Quantos colaboradores têm atualmente? No total, quantas pessoas vivem na comunidade?
Pertencem ao quadro da instituição 56 colaboradores. Atualmente vivem na comunidade 30 colaboradores, 11 voluntários e 44 companheiros (utentes), além de 10 filhos de colaboradores. No total vivem na comunidade, de forma permanente, 95 pessoas.
Para alguns a comunidade é a sua família. Podemos dizer que são totalmente institucionalizados?
A comunidade é a família como um todo. Mas há 15 companheiros sem qualquer vínculo familiar, nós somos os únicos responsáveis por eles. Esses estão totalmente à responsabilidade da instituição. Na verdade, a maioria dos companheiros, seja pela idade, seja pelas necessidades ou cuidados especiais, de que necessitam acabam por estar também totalmente institucionalizados.
É difícil o acolhimento de novos companheiros?
Sim, já há muito tempo que não entra ninguém por não termos lugar para mais. Mas também temos tido algum cuidado no crescimento, pois há que crescer de forma sustentada sem perder a essência do projeto.

“Há muito tempo que não entra ninguém por não termos lugar para mais.” Foto: Direitos Reservados
E os colaboradores externos?
Tanto para formação (duração de 3 anos), dirigida a jovens com necessidades especiais, com 30 formandos, como para o Centro de Atividades para a Capacitação e Inclusão (CACI) com 45 utentes, recorremos essencialmente a colaboradores externos. Os CACI vieram substituir os centros de atividades ocupacionais. Tanto a formação como o CACI são formas de nos abrirmos ao exterior e de prestarmos serviço à comunidade. Evitamos isolar-nos como se fôssemos uma ilha.
Tem alguma ideia da percentagem de formandos que foram inseridos no mercado laboral?

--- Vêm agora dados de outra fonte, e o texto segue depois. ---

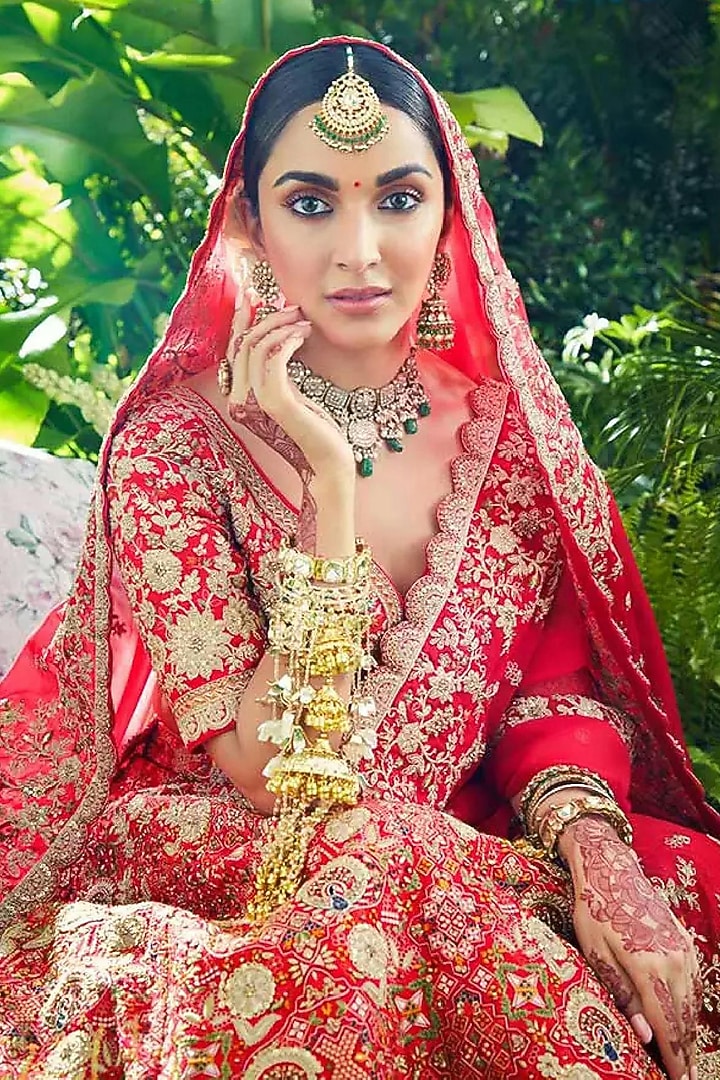 Gold Finish Pearl Maangtikka by Maisara Jewelry at Pernia's Pop Up Shop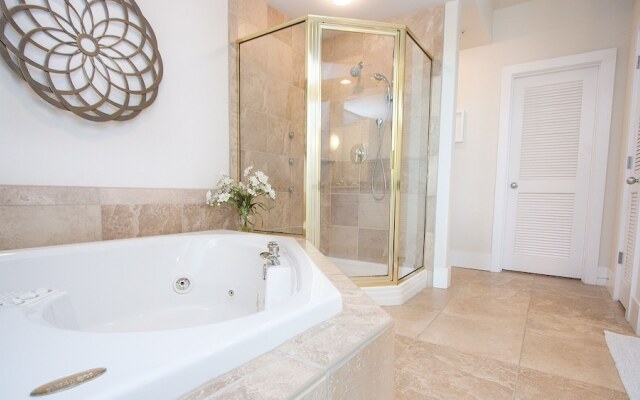 Crd0208 2 Bedroom Condo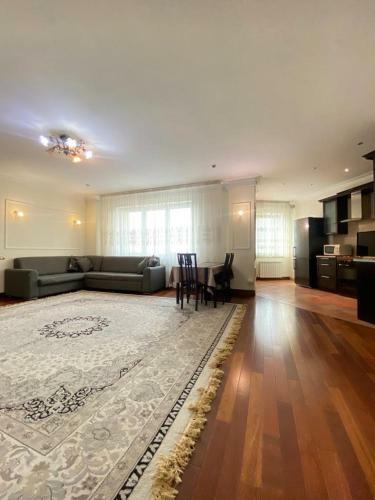 Apartamento ????? ????? ??????! / Center Almaty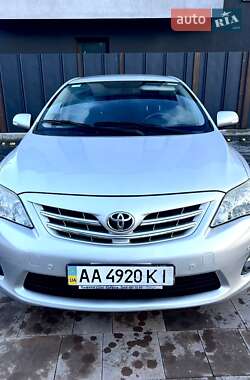 Toyota Corolla  2011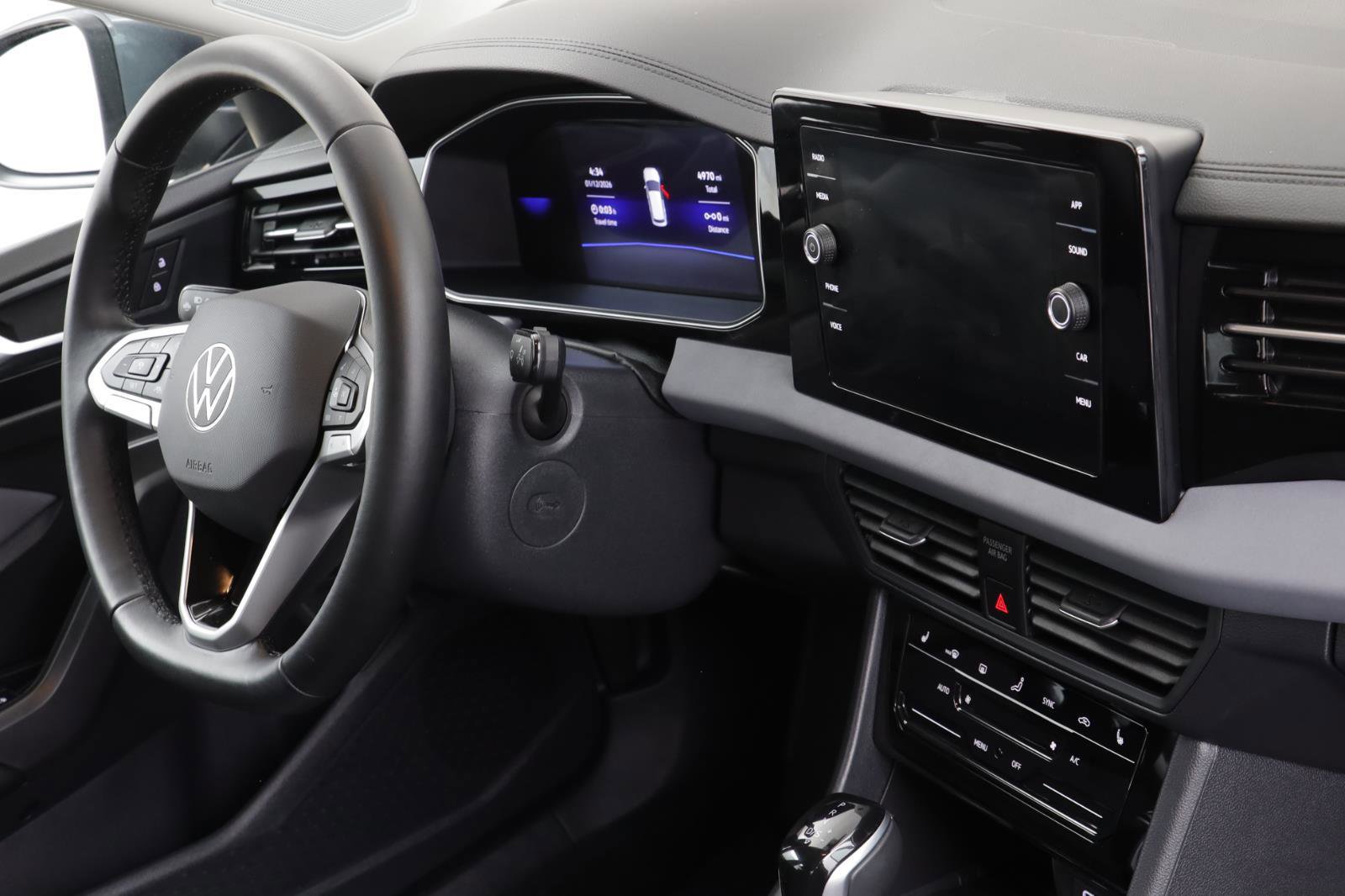 Used 2025 Volkswagen Jetta SE w/ Black Wheel Package image 21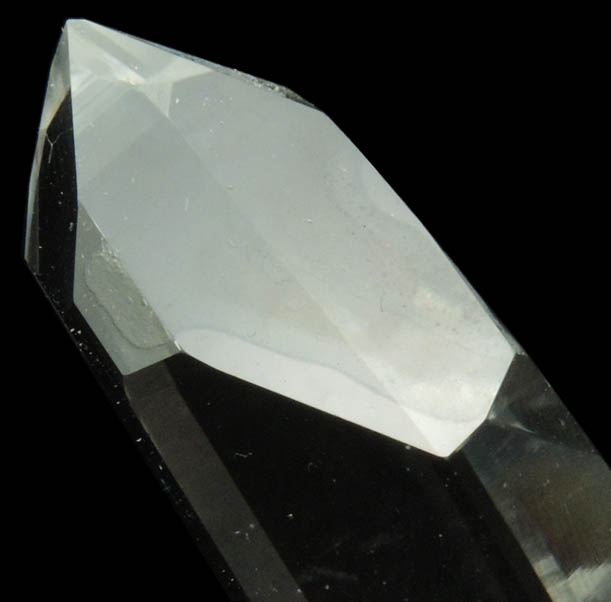 Quartz (optical-grade) with rare crystal faces from Pea Blanca Mine, San Pablo de Borbur, Vasquez-Yacopi Mining District, Boyac Department, Colombia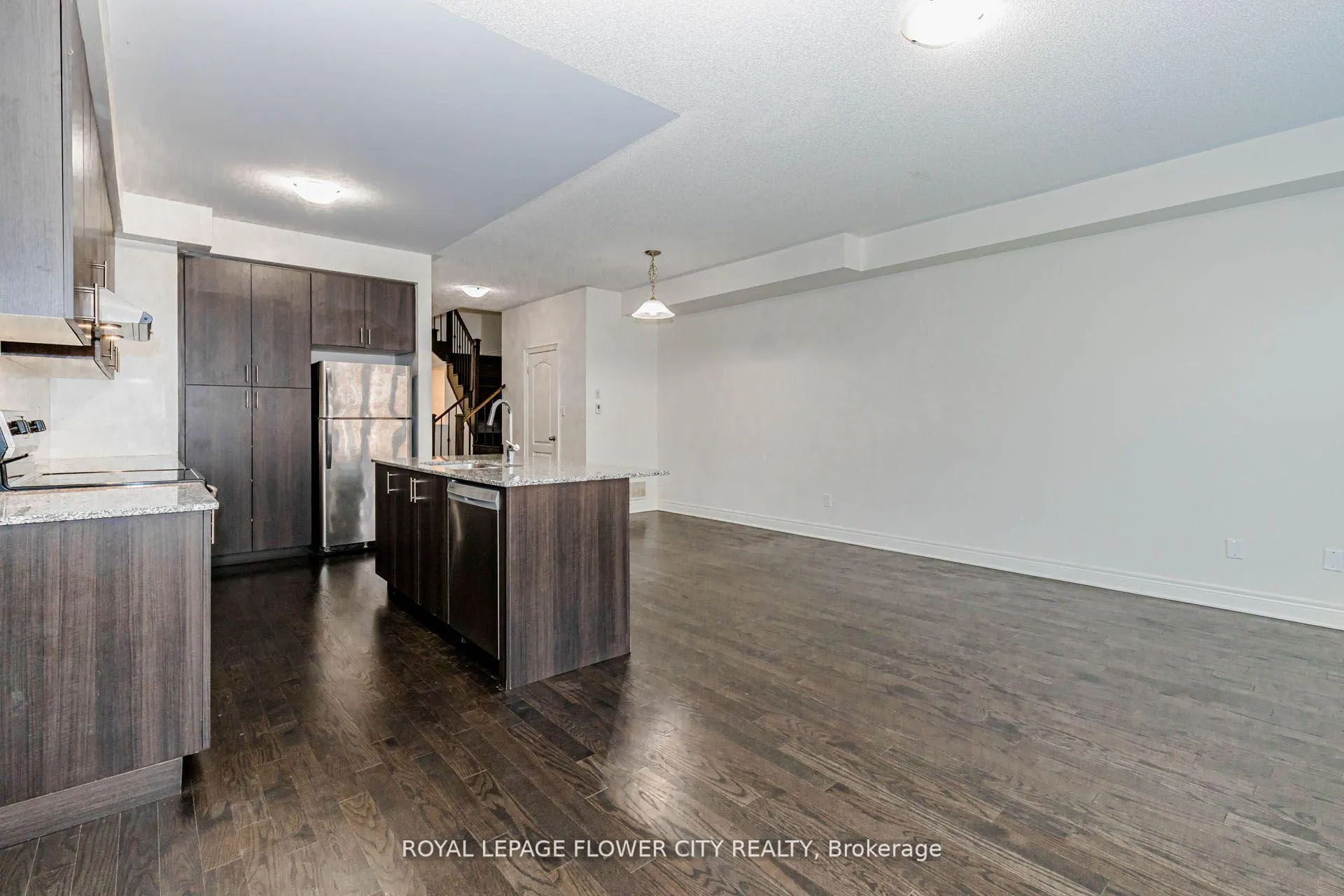 Photo 5 of 462 Sheaffe Place, Milton, Ford — HOMEH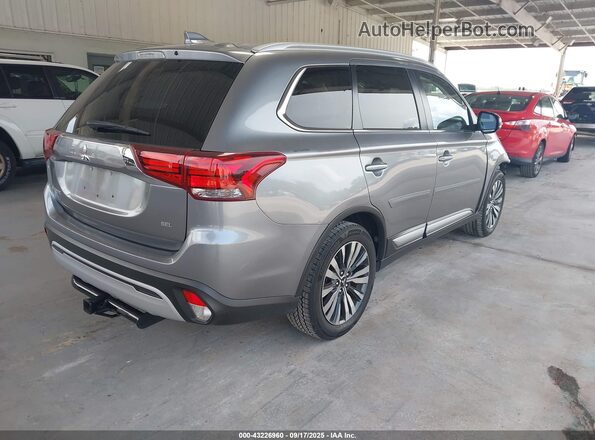 JA4AD3A3XLZ004568 2020 MITSUBISHI OUTLANDER Silver Հետևի աջ
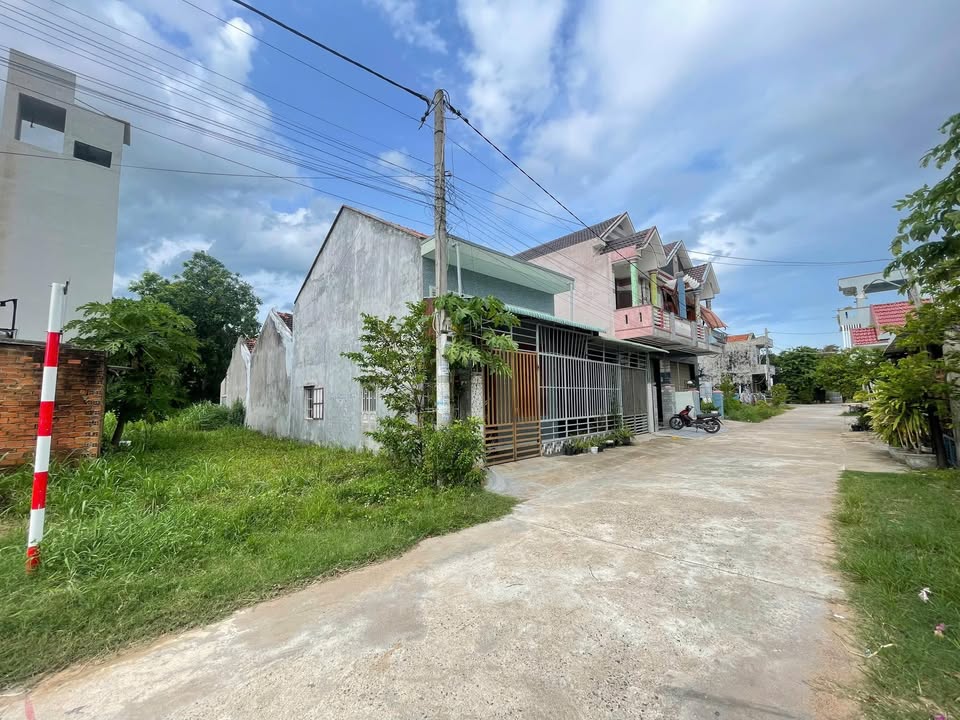 Đất thổ cư Định Thắng 2, xã Phú Hòa 1, 100m² giá 900 triệu - Sổ hồng chính chủ!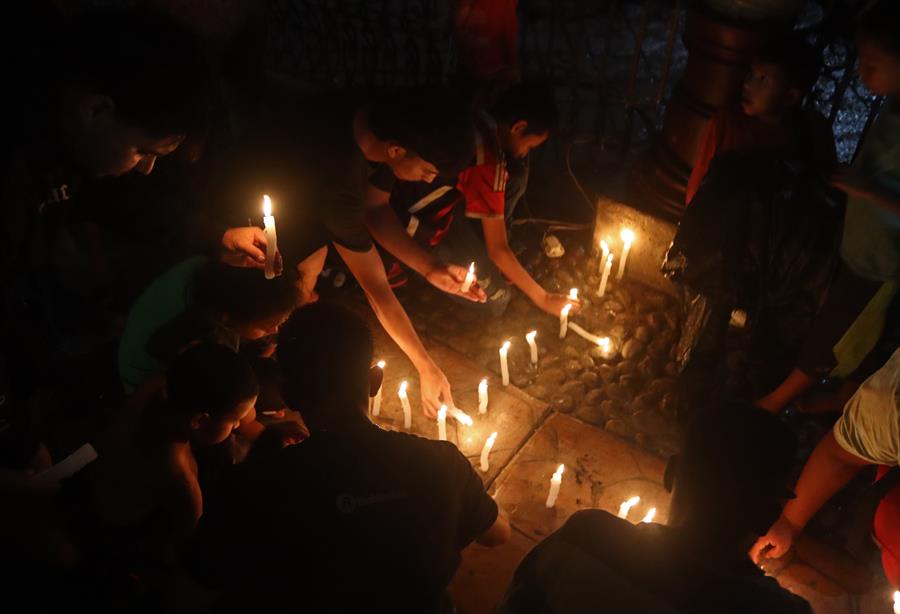 Migrantes realizan una vigilia hoy en Tapachula (4)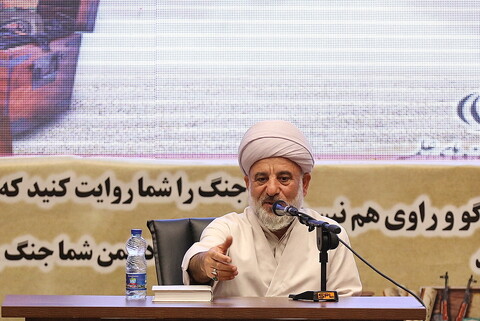 تصاویر/ ششمین همایش شب خاطره کارمندان و ایثاگران مرکز مدیریت حوزه های علمیه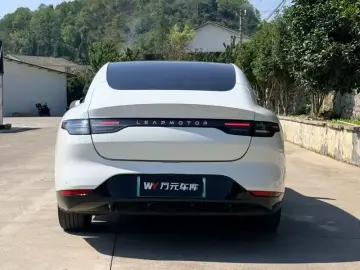 2022 Leapmotor C01 с пробегом 41 000 км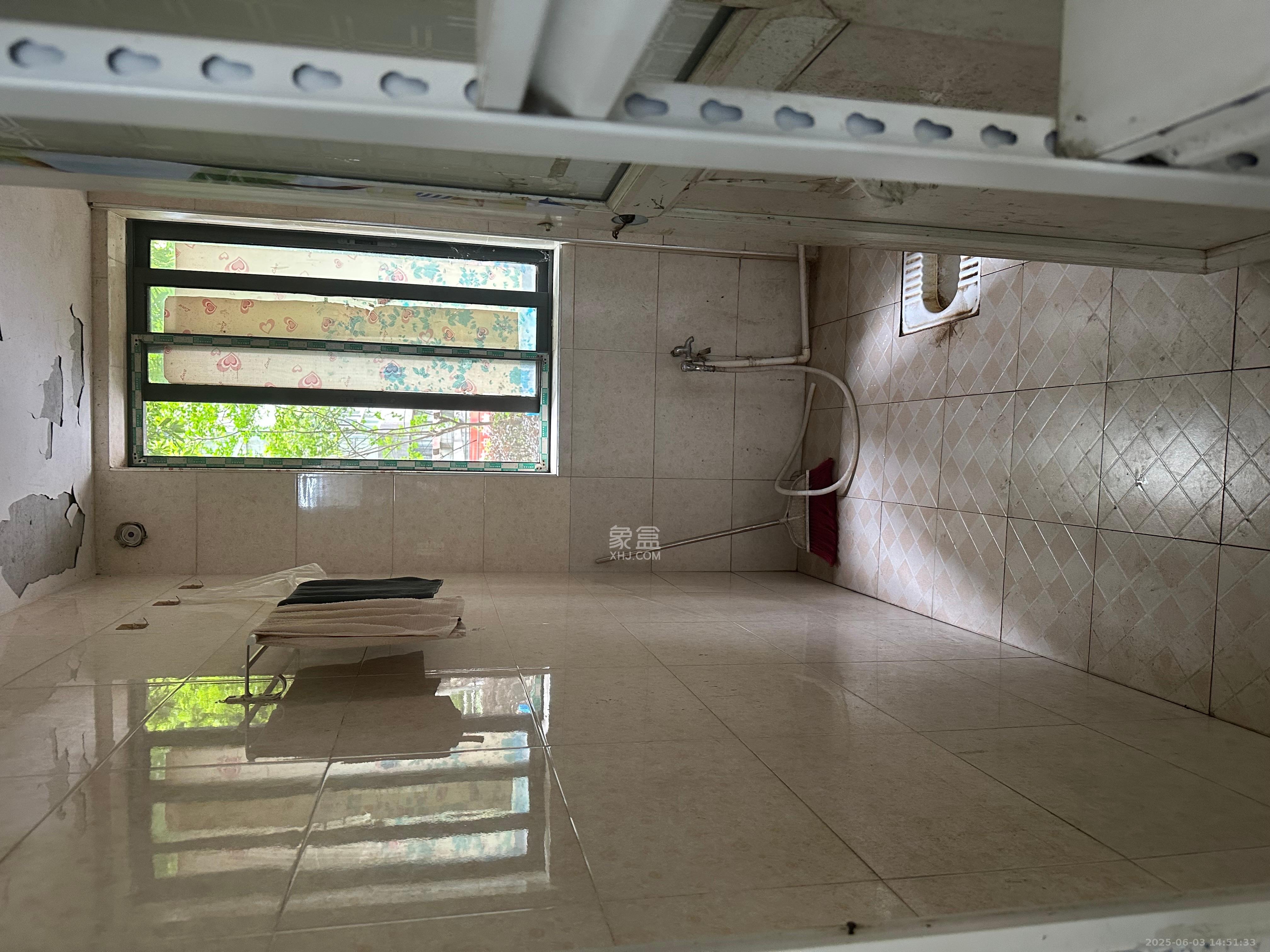 恒基凯旋门一二期 3室1厅2卫 1800.0元/月 恒基凯旋门一二期 3室1厅2卫 1800.0元/月室内图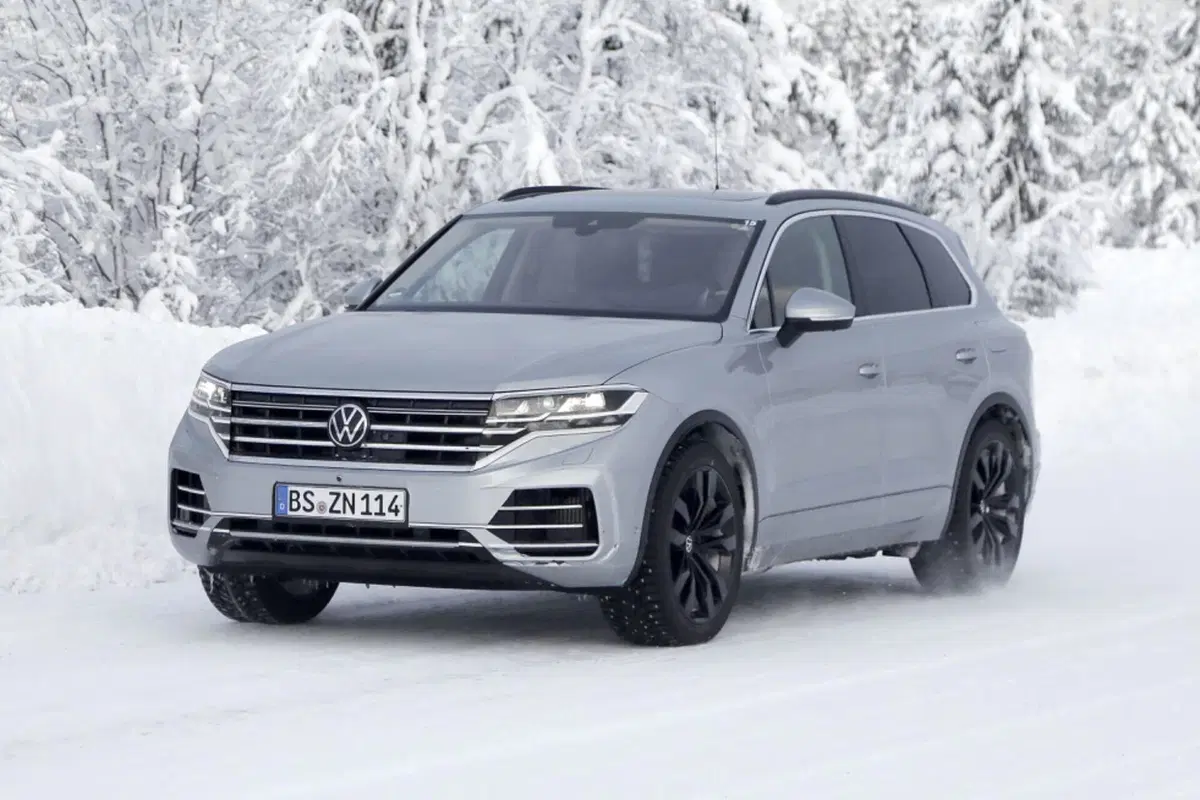 Volkswagen Touareg 2023, il diesel si sposa con l’elettrificazione [Foto Spia] (7)
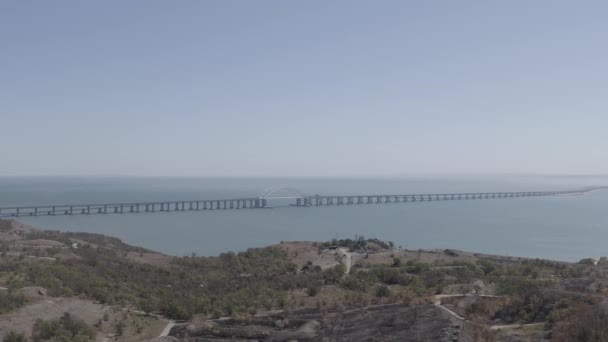 Kerch, Crimea. Vista del nuovo ponte di Crimea. Fortezza Kerch. Tempo limpido. 4K — Video Stock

Nós somos uma das entidades que tem taxas de inserção mais elevadas. Ultrapassa um pouco os 30% de formandos que encontraram colocação formal ou estágios.
O espaço envolvente, a quinta, é uma vertente importante da filosofia da comunidade, da terapia dos utentes e até de sustentabilidade. Qual a sua centralidade na dinâmica da comunidade?
A quinta funciona como uma oficina, a oficina de agricultura. Se por um lado ela é um contributo terapêutico importante, por outro representa, em parte, a sustentabilidade alimentar da comunidade. A nossa ideia é sermos completamente autossuficientes e podermos ainda retirar algum rendimento.
Mas os terrenos são pobres para a exploração agrícola. Por isso adquirimos um terreno agrícola a uns sete quilómetros daqui. Pretendemos que a agricultura biodinâmica e a socioterapia formem de novo um casamento feliz.
A função do Conselho dos Colaboradores é só consultiva ou tem um papel nas decisões?
Neste Conselho têm assento todos os colaboradores, internos e externos, e tem um papel de decisão. As grandes decisões da comunidade são tomadas pelo Conselho e não pela Direção. Os voluntários só têm assento no Conselho após um ano de permanência na comunidade. Antes não faz sentido. Pretende-se que as decisões sejam o mais horizontais possível.
E os diversos Grupos de Mandatos?
Estes grupos têm também autonomia para tomar decisões. É uma questão de confiança e de descentralização do poder de decisão. Em questões mais complexas ou em que surjam dúvidas remetem a decisão para o Conselho dos Colaboradores. A sociocracia é um processo que traz grandes vantagens, mas dá trabalho.

Trabalho na Quinta, cuidado com as jovens crias. Foto: Direitos Reservados.